We conducted both internal (within-method) and cross-method comparisons to assess the feasibility, applicability, and robustness of the proposed decision-making framework. The internal comparison evaluates the impact of including reading experience factors and compares expert evaluations with student evaluations. The cross-method analysis compares the rankings generated by our framework with those produced by individual state-of-the-art multi-attribute decisionmaking methods.
The internal comparison examined the effect of incorporating reading experience into the ranking process and the influence of using expert versus student evaluations. First, we calculated text difficulty (vocabulary, syntax, and structure) for the 12 books using the Weighted Sum Technique for Fuzzy Ranking (WSTF’s Rank) readability formula (Paul et al., 2021) and the Lexile assessment tool, producing a baseline ranking. Next, we generate a second ranking by excluding expert evaluations, denoted as the “Remove” ranking. Finally, we replaced expert evaluations with assessments from 50 students at the Shanghai University of Science and Technology’s affiliated primary and secondary schools, resulting in the “Exchange” ranking based on student input on the qualitative criteria for each book. Figure 3 displays these rankings, while Figure 4 illustrates the correlation between them and the authoritative “Guide” ranking, using Kendall’s tau to measure consistency.

The comparison of book rankings across various evaluation methods. Different colored circles denote different books (B1, B2, …, B12). The vertical axis represents the ranking positions, while the horizontal axis represents the different evaluation methods. The lines of the same style track the changes in rankings for each book, highlighting the trends and variations in their ranking.

The Kendall correlation between different ranking methods: WSTF’s Rank, Lexile’s Rank, Our Rank, Guide’s Rank, Exchange’s Rank, and Remove’s Rank. Significance levels are indicated as follows: *** p < 0.001 (two-tailed), ** p < 0.01 (two-tailed), and * p < 0.05 (two-tailed).
The Kendall’s tau coefficient is a widely used method for assessing ranking consistency (Yang et al., 2024). As shown in Figure 3, rankings from the WSTF formula differ significantly from those produced by other methods, with noticeable fluctuations (≥ 3 positions) and a weak negative correlation with the Guide’s ranking. This suggests that the WSTF method inadequately captures cognitive and emotional factors. Figure 4(a) shows a high correlation (0.79) between Lexile-based rankings and those omitting emotional factors, though these diverge from the Guide’s ranking. Including emotional factors improves alignment with the Guide, while their exclusion causes shifts of over three positions in books like B3, B5, and B6, highlighting their importance. Expert evaluations generally show greater reliability in assessing emotional factors, while student assessments introduce significant variations, reducing the correlation with expert-based rankings by 25%. The combined approach, integrating both expert and student perspectives, achieved the highest consistency with the Guide (correlation of 0.91), supporting the robustness of the proposed framework.

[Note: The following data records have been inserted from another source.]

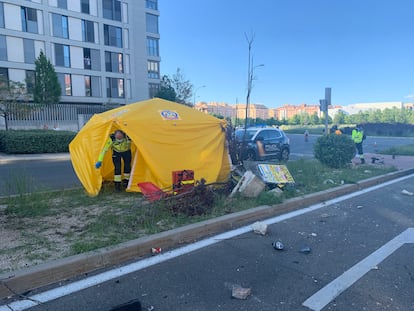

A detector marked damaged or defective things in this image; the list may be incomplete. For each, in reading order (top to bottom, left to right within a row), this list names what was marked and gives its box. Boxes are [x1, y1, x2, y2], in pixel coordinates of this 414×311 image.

broken plastic piece on road [231, 286, 251, 302] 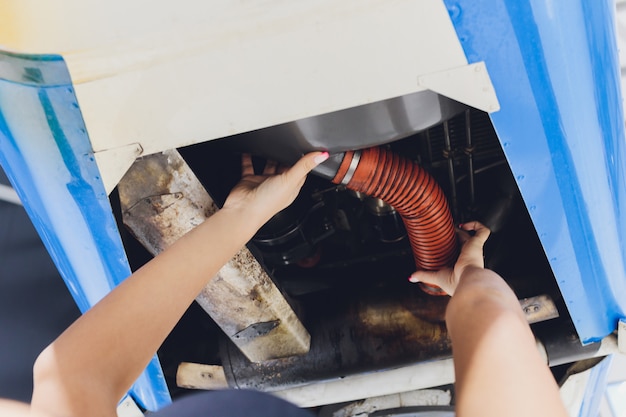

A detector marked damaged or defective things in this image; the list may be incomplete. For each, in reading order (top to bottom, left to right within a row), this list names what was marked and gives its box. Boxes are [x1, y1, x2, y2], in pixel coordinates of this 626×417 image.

rusty metal surface [116, 150, 310, 360] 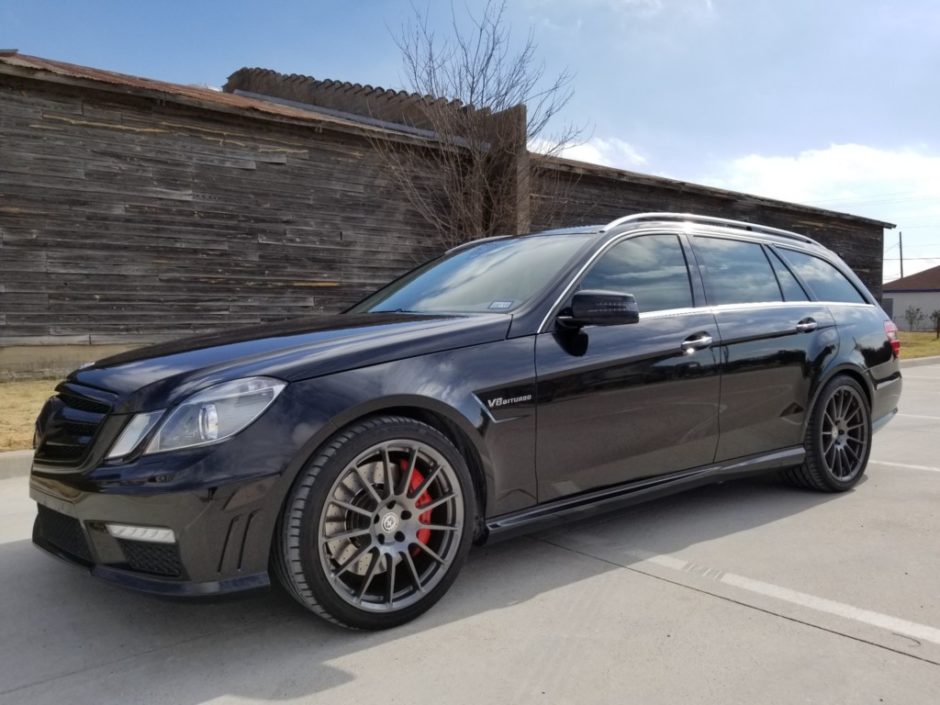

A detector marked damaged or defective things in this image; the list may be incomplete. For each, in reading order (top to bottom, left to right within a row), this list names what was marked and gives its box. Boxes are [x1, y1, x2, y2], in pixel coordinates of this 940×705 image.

rusty metal roof edge [536, 153, 896, 228]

To further validate the reliability and effectiveness of the proposed EWM-TODIM-based grading framework, we compared it against four established multi-attribute decision-making methods: Analytic Hierarchy Process (AHP), Fuzzy AHP (FAHP), entropy weight method, and TODIM. Each method was applied to the same dataset, calculating rankings for the 12 books, with Kendall’s tau used to measure the correlation with our EWM-TODIM approach. The final ranking results are shown in Figure 5.

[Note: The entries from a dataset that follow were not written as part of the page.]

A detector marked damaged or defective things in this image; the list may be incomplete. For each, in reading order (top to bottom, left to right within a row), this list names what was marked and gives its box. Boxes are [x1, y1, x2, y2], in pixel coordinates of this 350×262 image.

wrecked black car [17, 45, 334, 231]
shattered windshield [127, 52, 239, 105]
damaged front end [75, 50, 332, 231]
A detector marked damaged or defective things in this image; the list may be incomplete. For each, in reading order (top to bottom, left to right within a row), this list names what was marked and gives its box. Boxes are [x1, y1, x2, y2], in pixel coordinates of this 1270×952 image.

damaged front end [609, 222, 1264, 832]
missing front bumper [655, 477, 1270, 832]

The comparison of ranking under different decision methods.
Figure 5 shows that the rankings of the alternatives are almost consistent across all methods.
Figure 4(b) indicates a significant positive correlation among the rankings from the five decision methods, suggesting minimal differences between them. Averaging the rankings from each method yields the optimal ranking B1 > B3 > B2 > B4 > B5 > B7 > B6 > B9 > B8 > B10 > B11 > B12. This consistency with the rankings from our method proves the effectiveness and reliability of the AHP-entropy weight-TODIM method. The AHP and FAHP methods determine alternative priorities by comparing the importance of different factors, with FAHP incorporating fuzzy logic for more flexible evaluations. The higher correlation observed with the entropy weight method and TODIM is due to entropy’s data-driven weight distribution and TODIM’s consideration of psychological preferences. Discrepancies between our method and the others are minor, particularly for alternatives with similar rankings (e.g. B4 vs. B5, B8 vs. B9) due to their close overall dominance values. Our method, combining the strengths of FAHP, entropy weight, and TODIM, provides a more stable and accurate ranking of books, making it well-suited for complex decisionmaking environments.
In this study, the traditional Chinese reading graded systems were enhanced, incorporating the reader’s emotional factors and reading interestingness into the evaluation criteria, overcoming the previous focus solely on language complexity. This new system balances language complexity with reading experience, making evaluations more comprehensive and user-experience-centric. The fuzzy evaluation method PFLT to assess subjective criteria like emotion and interestingness is employed, combining expert opinions to reduce bias and improve accuracy. Additionally, the EWM-TODIM decision framework resolves inconsistencies between qualitative and quantitative criteria by dynamically adjusting weights, ensuring that the results align with actual reading needs. The case study of 12 books showed that this framework, which includes emotional and interestingness factors, aligns closely with actual guide rankings (correlation of 0.91), proving its effectiveness in predicting readers’ interests and behaviors. Compared to other multi-criteria methods, this study’s method offers a better balance between quantitative and qualitative factors, enhancing evaluation precision.
Although this study provides a more accurate and comprehensive framework for Chinese graded reading systems, several limitations need further exploration. First, the system can expand a more refined set of grading criteria by incorporating additional metrics to enhance the precision and adaptability of the grading framework for different reading contexts. Second, the balance between subjective and objective weights requires further investigation, as determining the optimal proportion of these weights is critical for ensuring fair and reliable evaluations. Third, the framework benefits from validation against a broader range of benchmark book lists to assess its robustness and applicability across diverse reading materials and age groups. Lastly, this study has some shortcomings, such as the small sample size of experts, large subjective differences, and the fact that the multi-criteria decision-making process is still too cumbersome to ensure the efficiency of reading assessment.